Dopo anni di attività estremamente specialistica e settoriale, la svolta inattesa, "propiziata" dalla crisi dell'editoria, dal crollo di commesse nel comparto pubblico, dall'acuirsi della già cronica carenza di fondi nel settore del patrimonio artistico. Per me, come per molti fotografi della mia generazione, è stato necessario individuare un nuovo percorso, tuttora (e oramai forse per sempre) in itinere.
Architettura, interior design, Made in Italy, i settori ai quali ho rivolto la mia attenzione; lambendo il territorio dell'arte, hanno reso fluida la migrazione, consentendomi di intrecciare proficui rapporti con alcune delle più significative realtà industriali del territorio. Così la fotografia per cataloghi di arredamento, pubblicità, fashion, industriale, è diventata in breve il mio pane quotidiano.

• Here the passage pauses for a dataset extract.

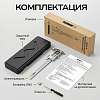 TC-DC15 Электронный штангенциркуль TECHNICOM TC-DC15 - 10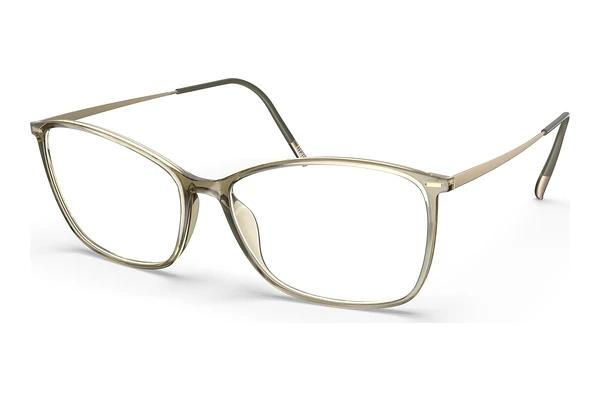 Designer briller Silhouette Illusion Lite (1598 5540)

Ma oramai i cicli di mutazione si sono accorciati, e di rivoluzione in rivoluzione, grazie anche all'avvento del web e della multimedialità, la figura del fotografo tradizionalmente intesa ha dovuto lasciare il posto a una professionalità del tutto nuova, che spalanca le porte al digitale, e ai vari supporti di diffusione, e che richiede un know how quanto mai ampio ed eclettico, pronto ad adattarsi ai nuovi bisogni di imprese che proprio nella attuale congiuntura si vedono costrette ad affrontare sfide inedite e decisive. Facendo della attenzione al cliente, e della capacità di interpretarne le esigenze, un pilastro fondante del nuovo corso, il mio studio riesce oggi ad esprimere un ciclo di forte crescita, in netta controtendenza con la categoria e con il momento storico.
Pensiero positivo, puntualità maniacale, rigida gerarchia di priorità, workflow dinamico, e tempi di consegna adeguati alle necessità.
E, perché il lavoro non cessi di portare gioia e passione, fiducia nel domani e disponibilità ad affrontare le sue sfide.